Draghi, dunque, offre una ricetta alta e seria per affrontare la tempesta che si profila sulle sorti d’Europa, a causa di tanti nodi non sciolti che determinano condizioni di svantaggio per il Vecchio continente di fronte a nuovi e meno recenti competitori, sempre più in cerca di spazi regolarmente lasciati incustoditi dagli europei. Una ricetta alta per mettere mano con più risolutezza e unità di azione a quei nodi rappresentati dalle persistenti, prolungate e precarie condizioni economiche; dall’instabilità delle aree mediorientali e del Nord-Africa; dalla difficoltà europea a progredire come entità politica.



Decidere di darsi una sola entità  di bilancio significa mettere mano al fisco e a politiche monetarie per rafforzare l’euro attraverso la conseguente Unione bancaria.

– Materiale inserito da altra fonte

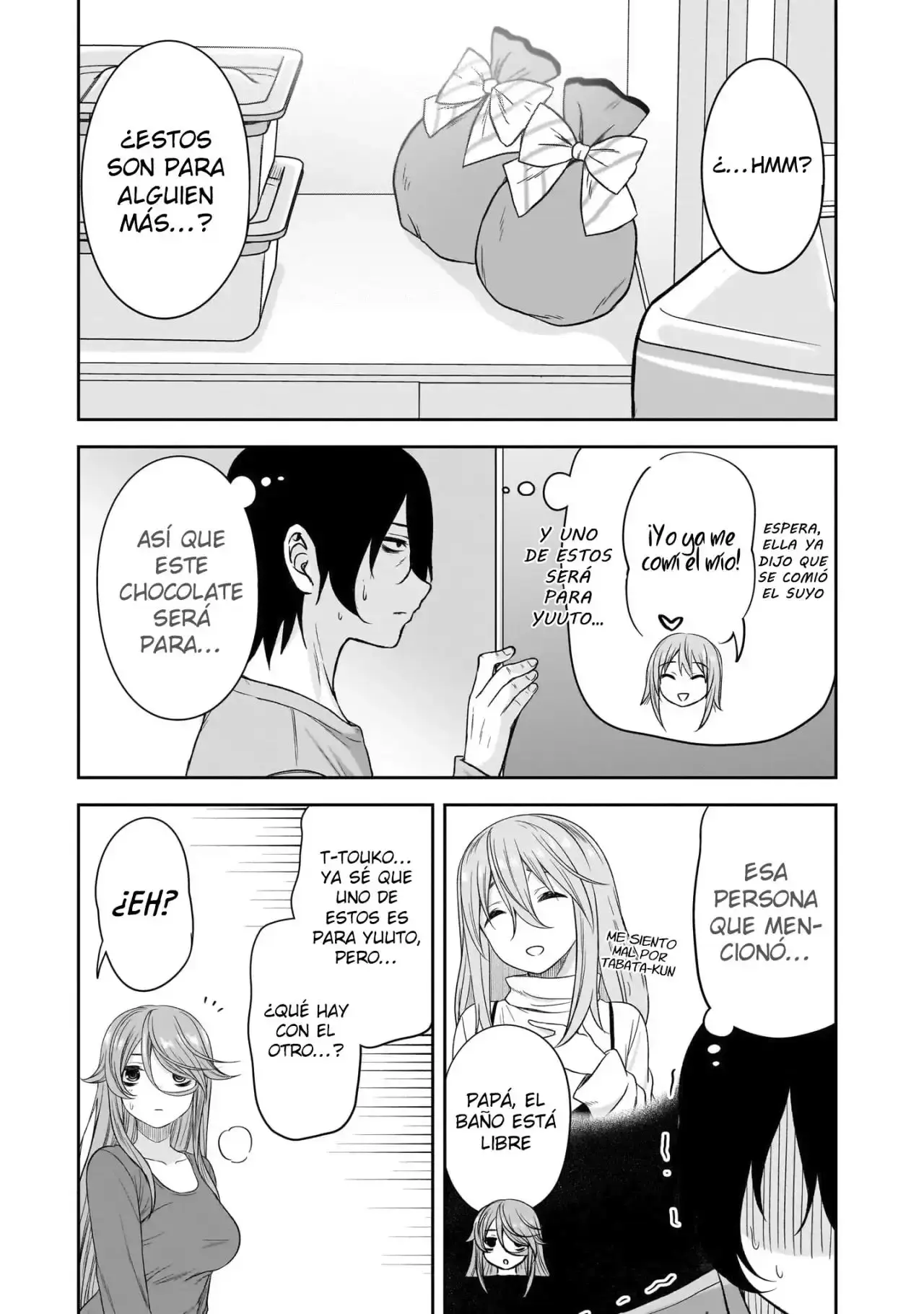 Capitulo 69 page 5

Un balzo in avanti significativo per l’Europa politica che ci proietterebbe finalmente verso quelle dimensioni continentali unitarie, necessarie per contare nella politica mondiale, per progettare grandi opere per la sicurezza e per governare i futuri tempi di grandi esodi di massa soprattutto dall’Africa. In modo da ritornare a essere una grande realtà economica e democratica.

Sulla proposta del governatore della Bce, Germania e Francia si sono dichiarati interessati e possibilisti, ma singolare è stata la freddezza avuta dal nostro Governo e dalla politica italiana. Proprio mentre il nostro Presidente del Consiglio a Ventotene ricordava Altiero Spinelli, uno dei più eminenti e amati europeisti  italiani, si è fatto intendere, da parte di fonti del suo governo, che avere una sola gestione della politica di tesoro limiterebbe la nostra autonomia; la perdita di potestà sulla libertà di spesa. Ma è proprio questo il punto! Abbiamo un debito storico costruito sugli sprechi e ingrossato da altri che si stanno assommando – ancora più sciatti e sfrontati del passato – e si rivendica flessibilità rispetto alle autorità europee? 

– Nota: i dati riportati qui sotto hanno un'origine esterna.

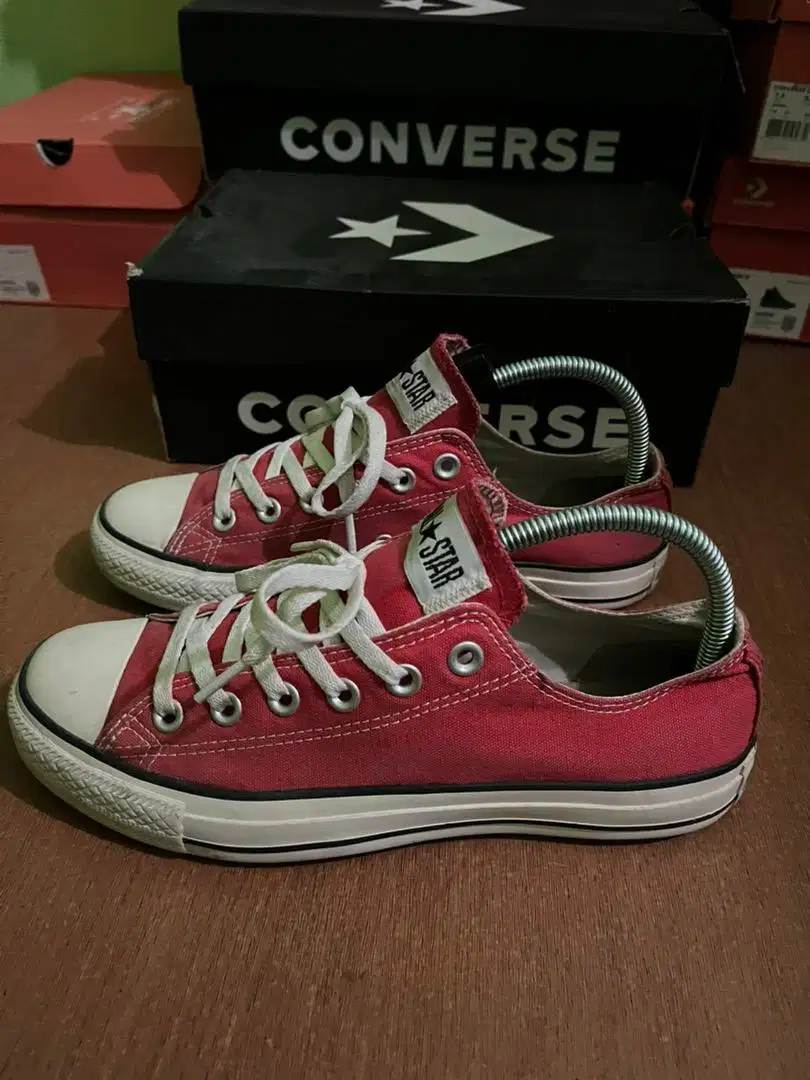 Converse Ct Low Classic no 40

È davvero incomprensibile come si chieda continuamente flessibilità rispetto ai trattati, ovvero spazi di manovra non per programmare e realizzare grandi investimenti a sostegno delle produzioni industriali e dei servizi del terziario, ma per poter decidere elargizioni tout court. Tra l’intervento della Troika, inevitabile qualora il debito dovesse continuare a crescere, e una prospettiva concreta di un’Unione europea a tutto tondo – una grande democrazia e una grande entità economica continentale – non credo che ci sia molto da discutere. Gli europei hanno bisogno di nuovi grandi orizzonti che solo attraverso nuovi grandi obiettivi potranno essere ottenuti.